The following documents filed by The Kroger Co. (Kroger or Registrant) with the Securities and Exchange Commission (Commission) are incorporated herein by reference:
(a) Annual Report on Form 10-K for the fiscal year ended February 1, 2014;
(b) All other reports filed pursuant to Section 13(a) or 15(d) of the Securities Exchange Act of 1934, as amended (Exchange Act), since the end of the fiscal year covered by the Form 10-K referred to above; and
(c) The description of Kroger Common Shares contained in Krogers registration statement filed pursuant to Section 12 of the Exchange Act, including any amendments or reports filed for the purpose of updating such description.
All documents filed by Kroger pursuant to Section 13(a), 13(c), 14 or 15(d) of the Exchange Act after the date of this Registration Statement and prior to the filing of a post-effective amendment which indicates that all Kroger Common Shares offered hereby have been sold or which withdraws from registration such Kroger Common Shares then remaining unsold, shall be deemed to be incorporated in this Registration Statement by reference and to be a part hereof from the date of filing of such documents. Any statement contained in a document incorporated or deemed to be incorporated by reference herein shall be deemed to be modified or superseded for purposes of this Registration Statement to the extent that a statement contained herein or in any other subsequently filed document which also is or is deemed to be incorporated by reference herein modifies or supersedes such statement. Any such statement so modified or superseded shall not be deemed, except as so modified or superseded, to constitute a part of this Registration Statement.

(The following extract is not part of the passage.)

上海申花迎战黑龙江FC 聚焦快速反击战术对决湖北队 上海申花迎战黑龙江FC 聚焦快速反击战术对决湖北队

Item 4. Description of Securities.
Not applicable.
Item 5. Interests of Named Experts and Counsel.
A legal opinion to the effect that the Kroger Common Shares offered hereby have been duly authorized and that, when they are issued in accordance with the terms of the 2014 Long-Term Incentive and Cash Bonus Plan, they will be validly issued and outstanding, fully paid and nonassessable, has been rendered by Christine S. Wheatley, Esquire, Group Vice President, Secretary and General Counsel of Kroger. As of June 30, 2014, Ms. Wheatley owned approximately 8,979 Kroger Common Shares and held options to acquire 17,750 Kroger Common Shares.
Item 6. Indemnification of Directors and Officers.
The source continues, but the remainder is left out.